(Data segment)

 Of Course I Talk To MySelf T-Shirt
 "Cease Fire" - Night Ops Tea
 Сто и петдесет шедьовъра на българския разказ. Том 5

(End Data segment)

• Exercise: Line by line, transcribe the material above exactly.

• Answer section:
 Of Course I Talk To MySelf T-Shirt
 "Cease Fire" - Night Ops Tea
 Сто и петдесет шедьовъра на българския разказ. Том 5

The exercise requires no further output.